Можно назвать лишь несколько исключений из этого порядка вещей: лекции Гегеля, Шеллинга или молодого Хайдеггера, в которых эти мыслители, многие годы воздерживавшиеся от подготовки монографий, высказывали свои самые важные и серьезные мысли. Такие лекции обладали особой “заразительностью”, которая объяснялась просто: аудитория, воспринимая каждую фразу, чувствовала себя причастной к самой сути философского мышления и сохраняла воодушевление, пока речь философа шла дальше, увлекая слушателей неизведанным материалом.
Но если мы обратимся к культуре античности и Средневековья, то увидим прямо противоположное современному отношение между читаемым курсом и книжной систематизацией знания. В период от неоплатонизма до создания первых схоластических систем научный трактат, напротив, как правило, представлял собой учебник для начинающих, систематизирующий основы каждой науки, тогда как все важные, сложные и заветные мысли высказывались в ходе чтения (lectio): преподаватель читал со студентами труд Аристотеля предложение за предложением и высказывал по поводу каждой сентенции все приходящие на ум мысли, сколь бы неожиданными они ни были.

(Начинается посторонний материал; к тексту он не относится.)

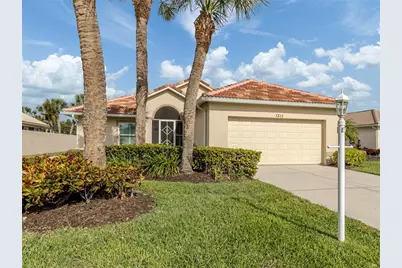 1311 Berkshire Court, Venice, FL 34292 - Photo 1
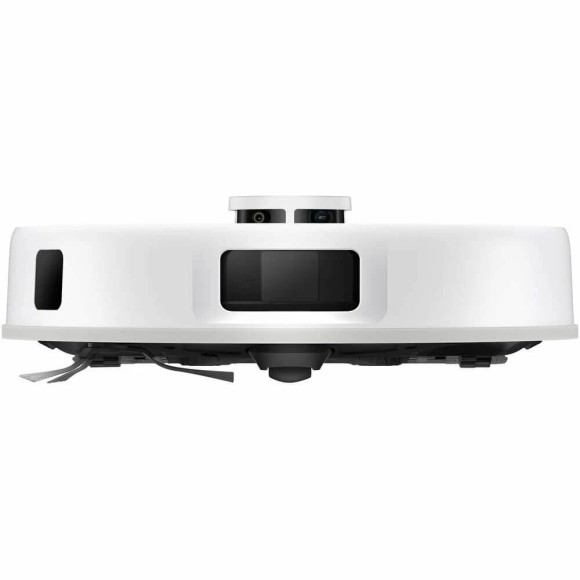 Робот-пылесос Dreame Trouver Vacuum E20 Plus (Белый)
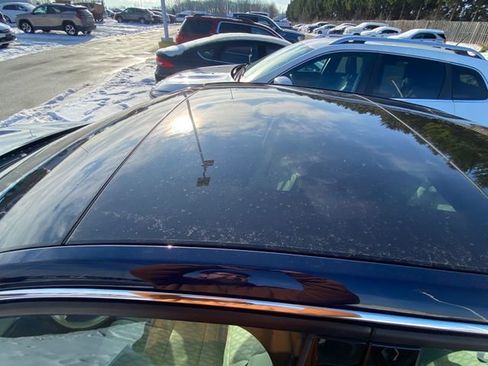 Used 2019 Lincoln Continental Black Label w/ Rear Seat Package image 4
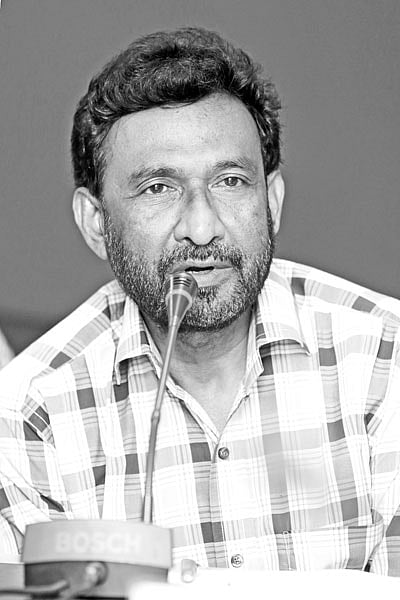 এম এস আই মল্লিক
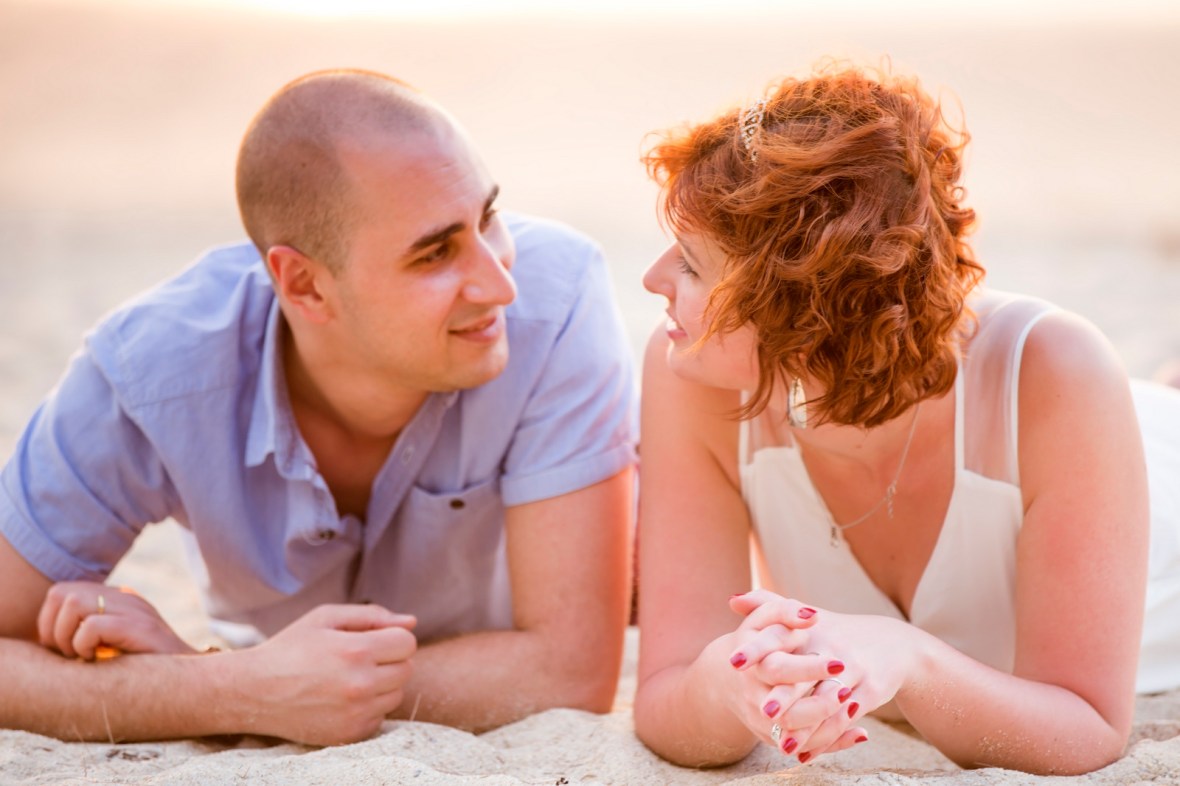 HONEYMOON PHOTO SESSION AT KAMALA BEACH PHUKET THAILAND
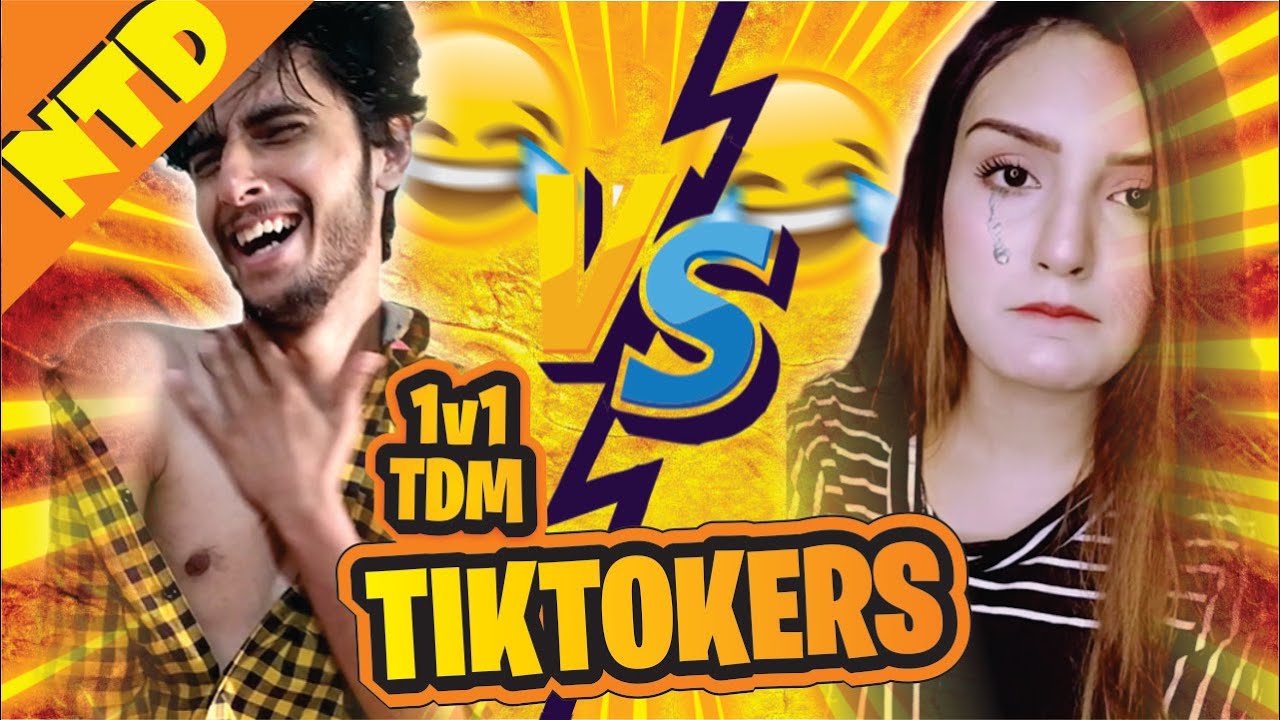 AP KI TIKTOKER BHABHI | ft. @LILYliveGaming   | PUBGMobile | NTD Playz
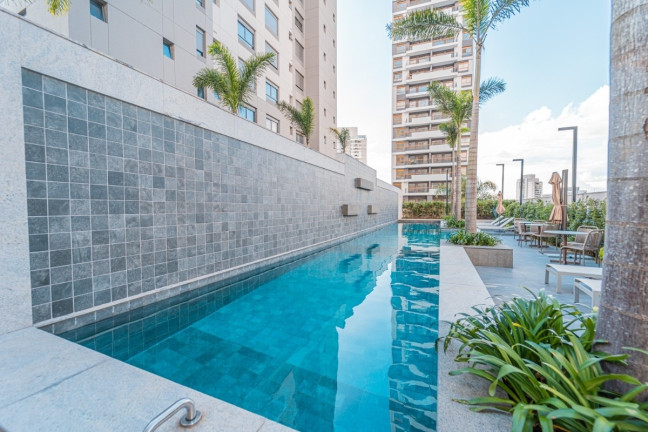 Apartamento com 2 Quartos à Venda, 66 m² em Butantã - São Paulo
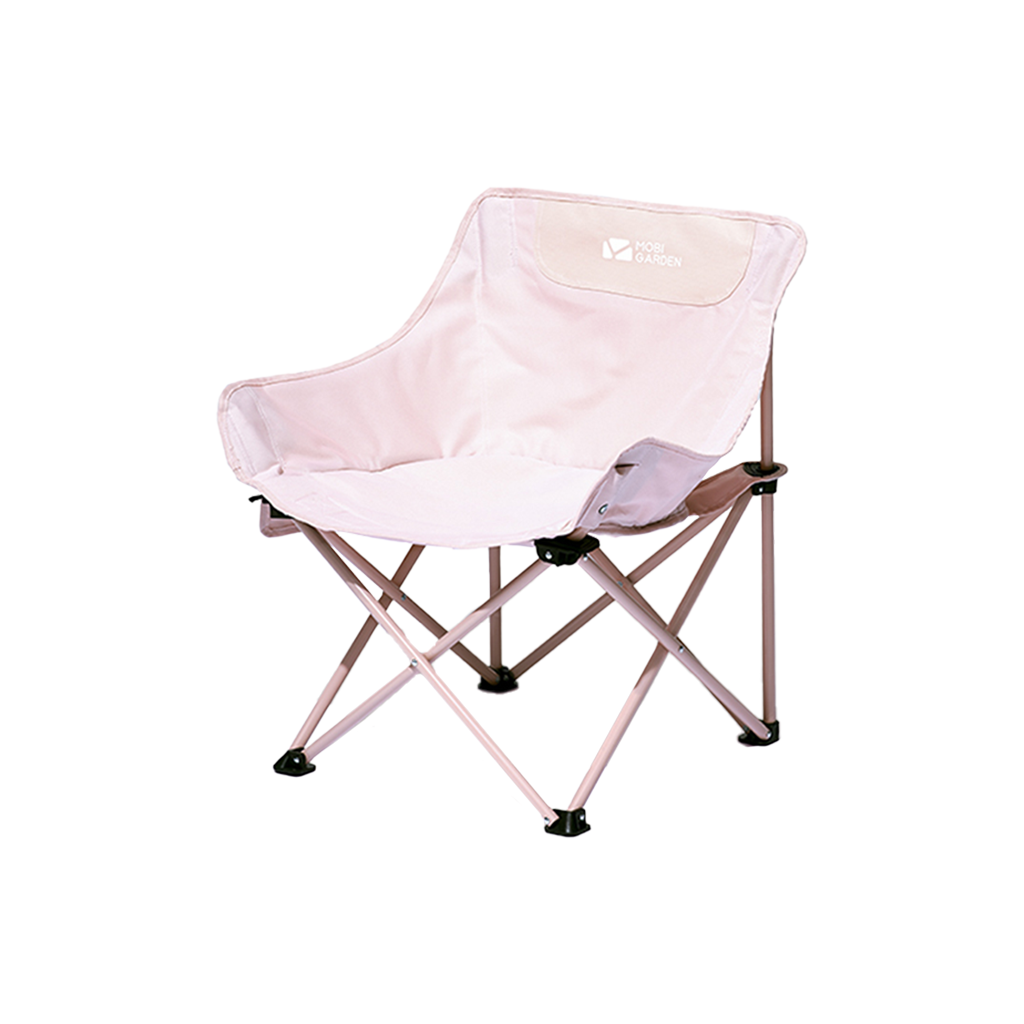 Kursi Lipat Camping Mobi Garden NXLQU65001 Foldable Moon Chair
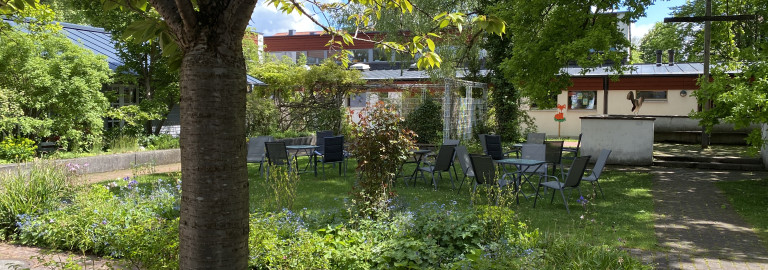 Innenhof
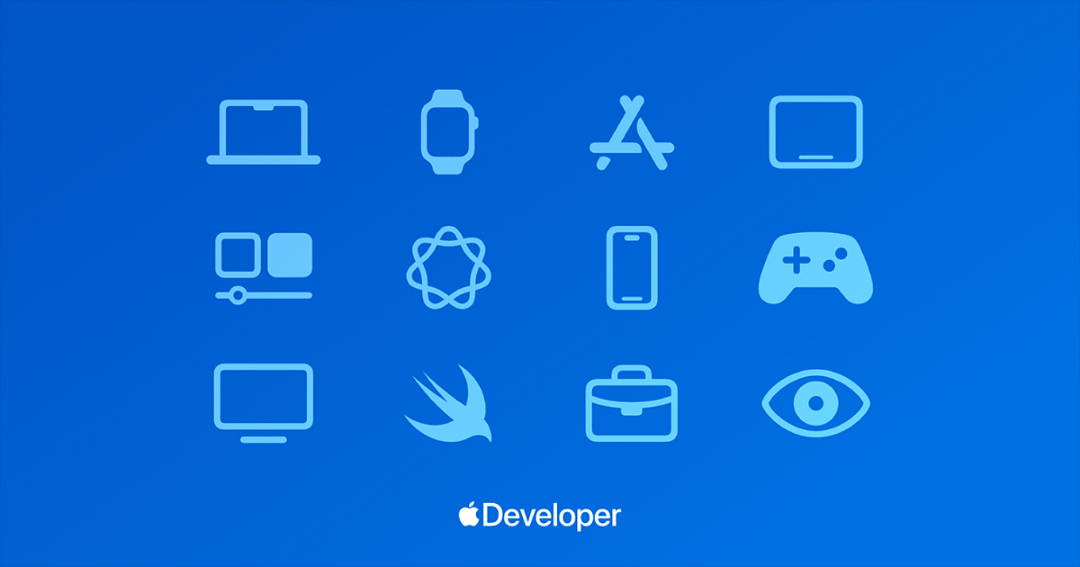 MoureDev's tweet image. Si te han entrado ganas de aprender a desarrollar apps para Apple tras la WWDC, puedes empezar por su ruta de estudio oficial.

Tienes tutoriales interactivos y vídeos para aprender el lenguaje de programación, sus frameworks y cada una de las plataformas disponibles.

→…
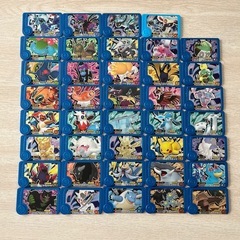 ポケモンフレンダ　ピック　テラスタルオーブ　フレンダトランクの画像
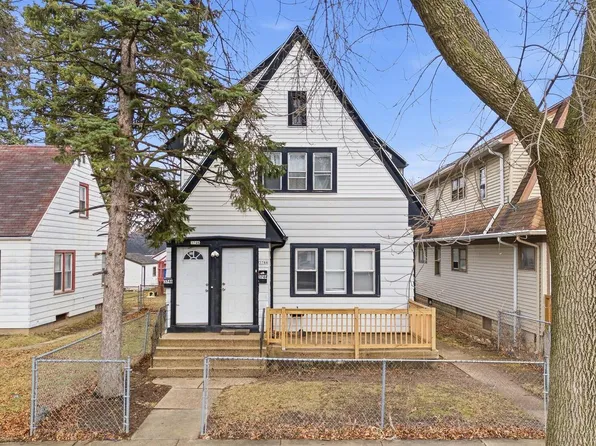 3744 N 39th STREET #3746, Milwaukee, WI 53216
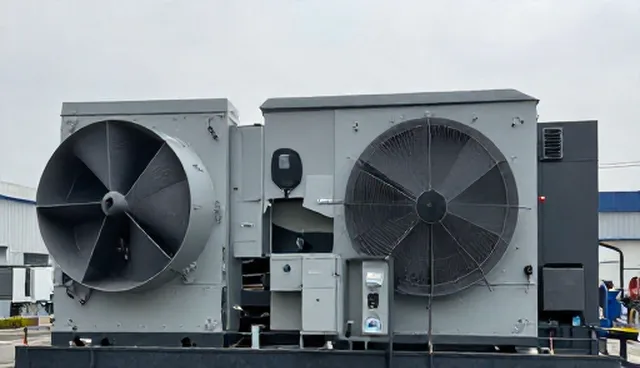 高效通风设备使用与维护的关键建议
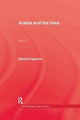 Book cover of: Arabia and The Isles. By: Ingrams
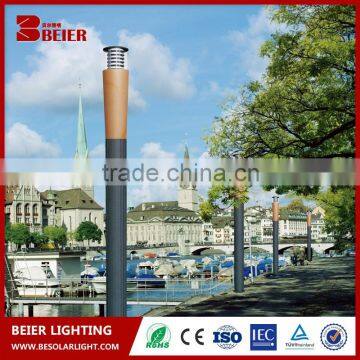 Best Design 3m Garden Lighting Pole Light,Residential Light Pole Price photo-3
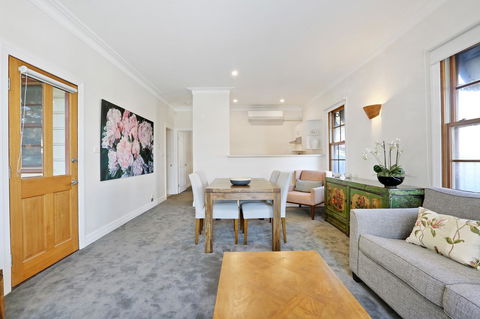 Bellevue Accommodation - Accommodation Redcliffe 12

Такое соотношение “трактата” и “чтения” было обусловлено прежде всего простыми профессиональными требованиями к преподаванию: начинающим нужно излагать только проверенные, не вызывающие сомнений и споров тезисы, чтобы они постигли принципы организации научного знания. Кроме того, полемика, выяснение отношений между научными школами, исследование спорных и неясных вопросов могли, как считалось, принести вред ученикам. Обнаружив, что в таких жизненно важных областях знания, как богословие, физика, математика, этика и политика1, нет единства мнений, что крупнейшие авторитеты не согласны друг с другом в самых своих основоположениях, что на главные вопросы не бывает непротиворечивых ответов, что чем глубже размышление, тем менее возможны из него окончательные выводы, — молодой человек мог сделаться либо скептиком, утратившим доверие и уважение ко всякой науке, либо релятивистом, полагающим, что всякая истина относительна, либо циником, уважающим науку лишь за то, что она дает возможность заработать, не пачкая рук и не напрягая спину2, сделать карьеру и прославиться, побеждая оппонентов в спорах. Именно поэтому Платон, по авторитетному античному преданию, не рекомендовал знакомить с подлинными научными спорами учеников до достижения ими сорокалетнего возраста, ибо в противном случае они станут бесполезны для науки. Платоновский запрет, конечно, не относился к учебным диспутам, в которых постоянно практиковались и самые юные школяры: такие диспуты считались и подходящим упражнением для ума, и состязанием, мотивирующим к дальнейшим занятиям.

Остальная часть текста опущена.